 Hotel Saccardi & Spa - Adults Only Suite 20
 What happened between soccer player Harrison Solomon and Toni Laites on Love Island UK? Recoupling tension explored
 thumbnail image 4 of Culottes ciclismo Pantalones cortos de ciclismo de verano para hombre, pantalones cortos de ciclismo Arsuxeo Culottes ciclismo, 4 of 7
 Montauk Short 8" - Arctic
---
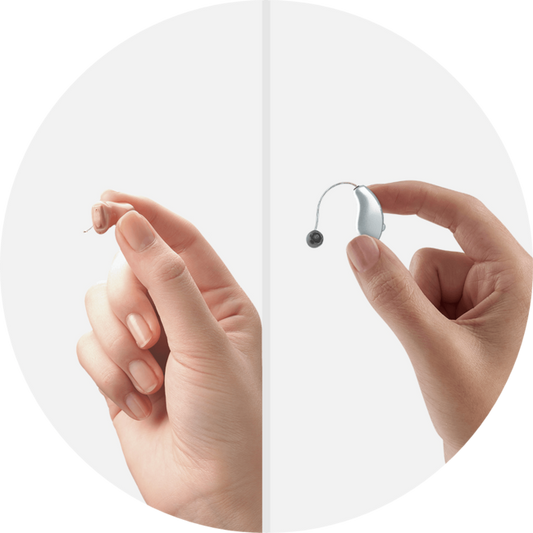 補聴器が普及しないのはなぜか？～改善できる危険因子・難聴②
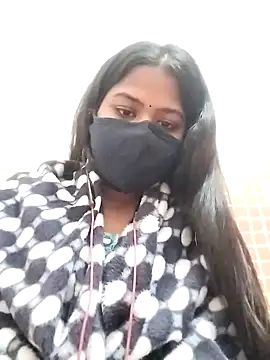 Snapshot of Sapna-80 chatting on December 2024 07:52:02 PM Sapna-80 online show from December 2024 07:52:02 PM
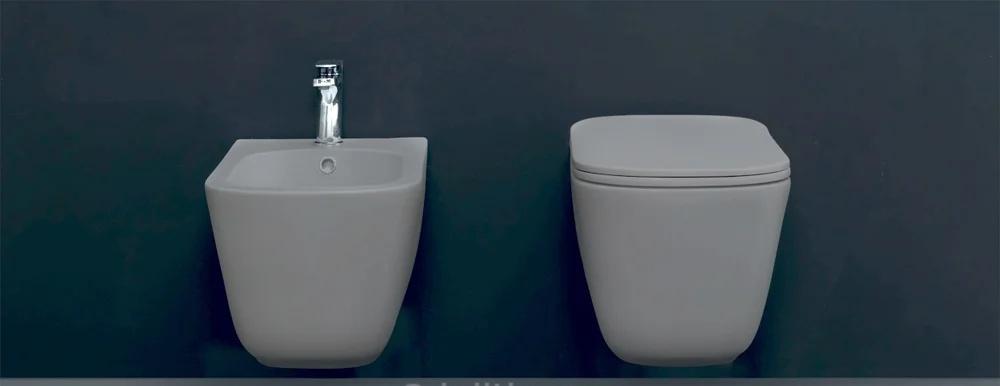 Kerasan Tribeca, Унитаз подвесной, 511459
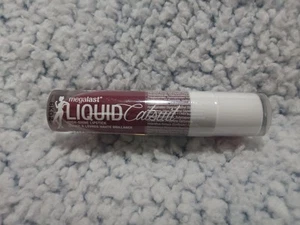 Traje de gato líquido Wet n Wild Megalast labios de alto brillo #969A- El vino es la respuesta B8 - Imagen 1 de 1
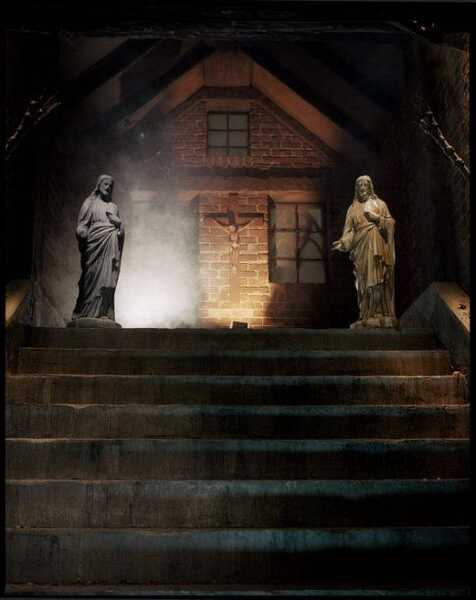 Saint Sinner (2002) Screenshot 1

§ **Exercise prompt**: Reproduce the listing above from the line that holds "Snapshot of Sapna-80" through the line that holds "Saint Sinner (2002) Screenshot 1", both included, with the pictures left out.

§ **Exercise response**:
 Snapshot of Sapna-80 chatting on December 2024 07:52:02 PM Sapna-80 online show from December 2024 07:52:02 PM
 Kerasan Tribeca, Унитаз подвесной, 511459
 Traje de gato líquido Wet n Wild Megalast labios de alto brillo #969A- El vino es la respuesta B8 - Imagen 1 de 1
 Saint Sinner (2002) Screenshot 1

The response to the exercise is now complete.